Dopo alcune settimane, venerdì 11 settembre, l’appartamento di design riapre i battenti e i nove artisti mostrano nuovi lavori sul colore. Il compito del curatore e della sua collaboratrice Giulia Ratti, per questo secondo giorno, è Un’opera con un colore dominante. Guendalina Cerrutti, ad esempio, ha esposto un ritratto in rosa e azzurro di un adolescente dai lineamenti indecifrabili e T-yong Chung una serie di sculture in cemento lucidato specchio, composizioni di calchi di contenitori per alimenti, che divengono dei mini idoli da salotto. E ancora una vota, i nove alunni hanno dovuto fare i compiti a casa formulando, adagiando le loro idee a forma, estensione e coreografia della domesticità che li mette in mostra. Istituzionalmente una per ciascuno.
Nuovamente, alcune settimane più tardi, venerdì 30 settembre la parola d’ordine diventa cassetto e, in ordine alfabetico, Canesi, Cerruti, Chung, Condotti, Berti, Breviario, Ornaghi&Prestinari, Scodro e Vivacqua presentano le loro opere ispirate alle dimensioni di: Un’opera in un cassetto. Espressione figurata e non.
“Fin da subito ho deciso che le opere create dagli artisti dovessero andare, appuntamento dopo appuntamento, a stratificarsi con il vissuto della casa divenendone un completamento e non andando ad alterare, se non con minimi spostamenti la storia stessa dello spazio”, rivela il curatore. “A seconda del tema, alcuni dei nuovi interventi funzionano più di altri; ma compito dopo compito gli artisti hanno preso sempre più le misure dello spazio, rendendolo loro. Confesso che sarà difficile al termine del ciclo riconoscere quali elementi saranno da disallestire e quali no”.

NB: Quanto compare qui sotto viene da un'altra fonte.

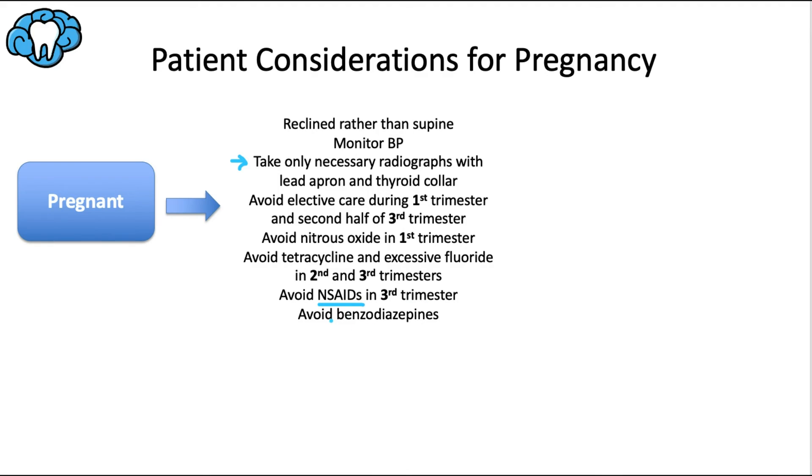Avoid benzodiazepines at all costs. At the end of the day, don't be scared to provide necessary dental work for pregnant patients using these safe guidelines — the oral health of the mother and baby should be a top priority.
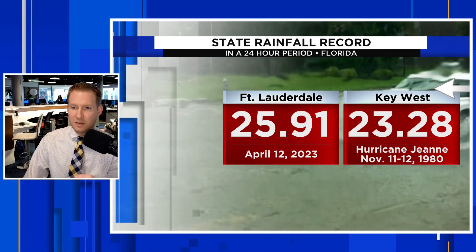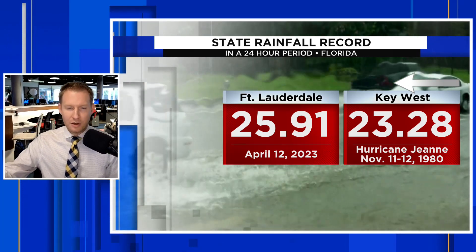We all know we get a lot of rain when we're impacted by hurricanes and tropical storms in the state of Florida. We broke a record — if this number goes official, which it likely will — of 25.91 inches of rain in Fort Lauderdale. Key West currently holds the record for the highest 24-hour rainfall at 23.28 inches, which fell with Hurricane Gene back in November of 1980. Gene seemed to like Florida. But we smashed the state record — the wettest 24-hour period in all likelihood from a non-tropical system — making what happened on April 12th in and around Fort Lauderdale so impressive and so historic.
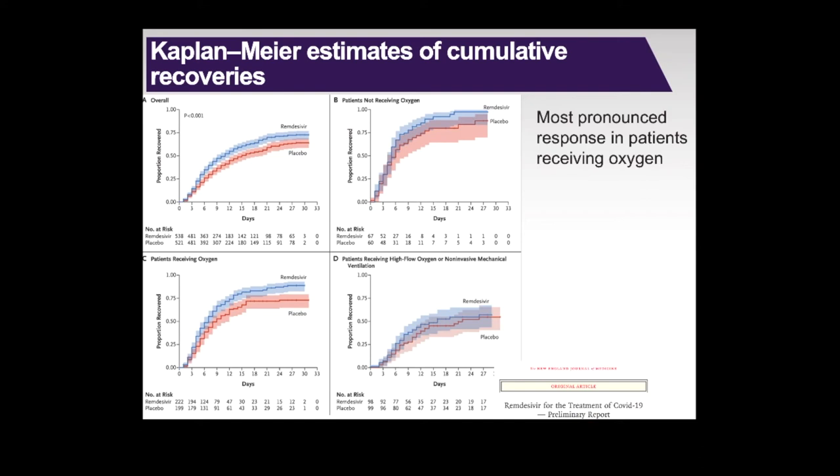The Kaplan-Meier estimates of cumulative recoveries in humans from the adaptive COVID-19 treatment trial, published last week in the New England Journal of Medicine, show a statistically significant improvement in the rate of recovery across all patients. The effect was most pronounced in patients needing oxygen therapy, but not high-flow oxygen. It was a really happy day to see these effects in patients.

Sulla base dell’indicazione cassetto, Simone Berti, ad esempio, ha trasformato i cassetti dei comodini della camera da letto padronale in due mini acquari, mentre per lo stesso tema Jacopo Candotti ha dato vita a una discoteca in miniatura, mentre Alberto Scodro ha dato vita alla riproduzione di un ago da cucito non-proprio-da-cassetto, essendo lungo più di un metro e per questo ospitato da una pendola Cinquecentesca.
Per il quarto appuntamento, inaugurato venerdì 18 dicembre, per il tema Riproduzione, Sergio Breviario ha deciso di rendere le proprie opere protagoniste di un fotoromanzo di cui mostra solo alcuni scatti, mentre Jonathan Vivacqua ha riportato con un incisione al laser un suo disegno su delle lastre di plexiglass che sovrapposte fanno divenire un lavoro bidimensionale tridimensionale. Nel 2016, l’appartamento al 12esimo piano di corso Monforte riaprirà solamente due volte: il 18 febbraio e verso la fine di marzo.
“Per quanto riguarda l’appuntamento dello Spettatore”, conclude Menin, “mi auguro che gli artisti riescano, attraverso i propri lavori, a far comprendere a tutti che senza qualcuno che le osservi e le ammiri le opere non esistono e non prendono vita. Per quanto riguarda l’Omaggio, e dunque il prossimo tema, vorrei che trasmettessero questo messaggio: senza la Storia e una sua corretta comprensione, non ci si può dedicare alla costruzione di un futuro migliore”.